* PROVIDED MATERIAL:
···

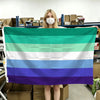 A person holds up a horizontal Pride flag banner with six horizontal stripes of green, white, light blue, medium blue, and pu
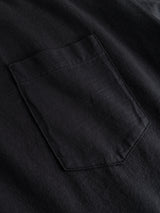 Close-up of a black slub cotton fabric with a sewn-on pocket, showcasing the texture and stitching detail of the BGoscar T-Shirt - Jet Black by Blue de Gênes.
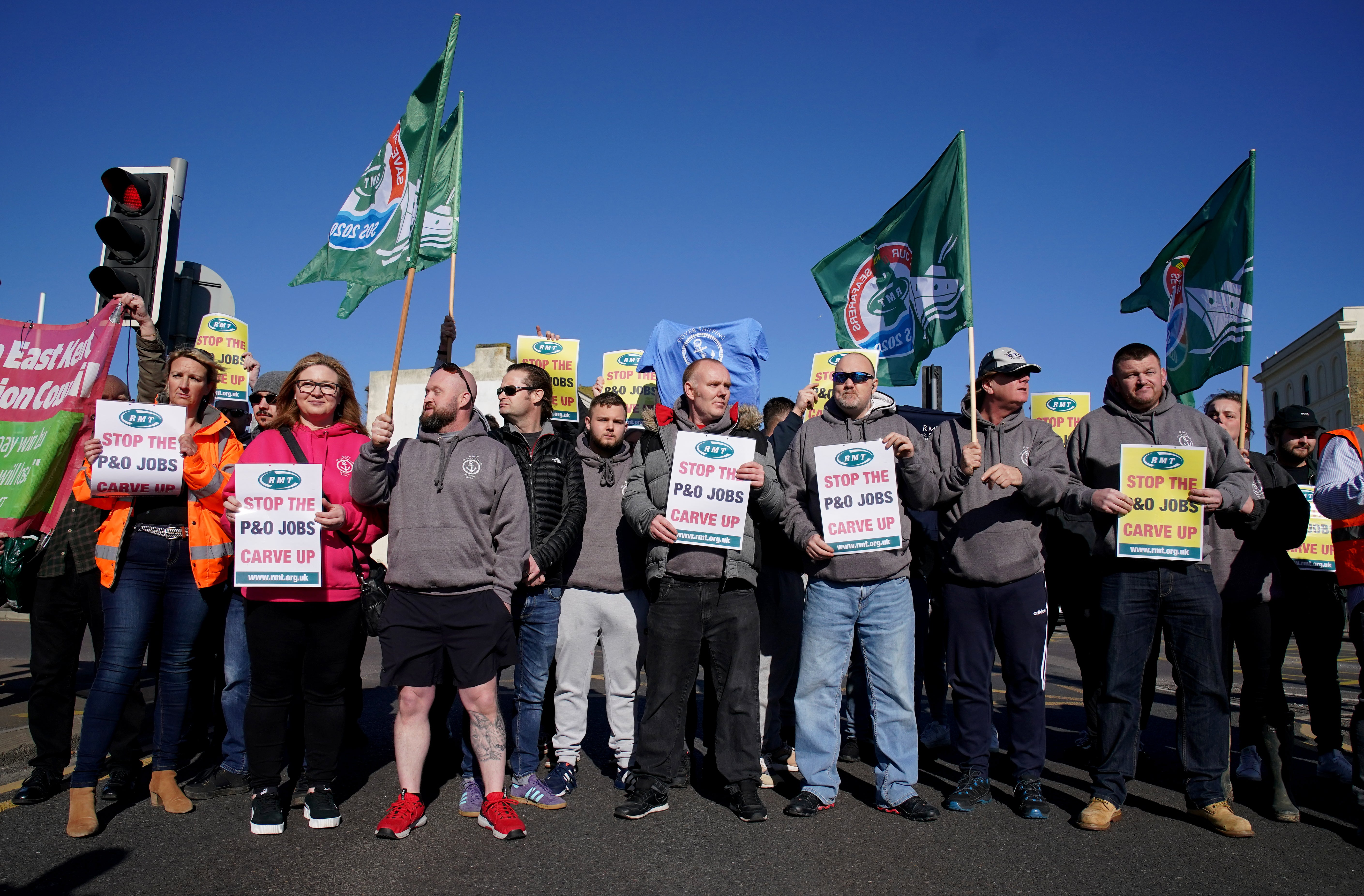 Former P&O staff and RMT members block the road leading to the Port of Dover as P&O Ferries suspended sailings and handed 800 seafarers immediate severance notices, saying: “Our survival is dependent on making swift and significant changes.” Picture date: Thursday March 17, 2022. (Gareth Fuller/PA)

···

* YOUR ASSIGNMENT: A word-for-word copy of the data above is needed, one that omits the pictures.

* RESPONSE BOX:
 A person holds up a horizontal Pride flag banner with six horizontal stripes of green, white, light blue, medium blue, and pu
 Close-up of a black slub cotton fabric with a sewn-on pocket, showcasing the texture and stitching detail of the BGoscar T-Shirt - Jet Black by Blue de Gênes.
 Former P&O staff and RMT members block the road leading to the Port of Dover as P&O Ferries suspended sailings and handed 800 seafarers immediate severance notices, saying: “Our survival is dependent on making swift and significant changes.” Picture date: Thursday March 17, 2022. (Gareth Fuller/PA)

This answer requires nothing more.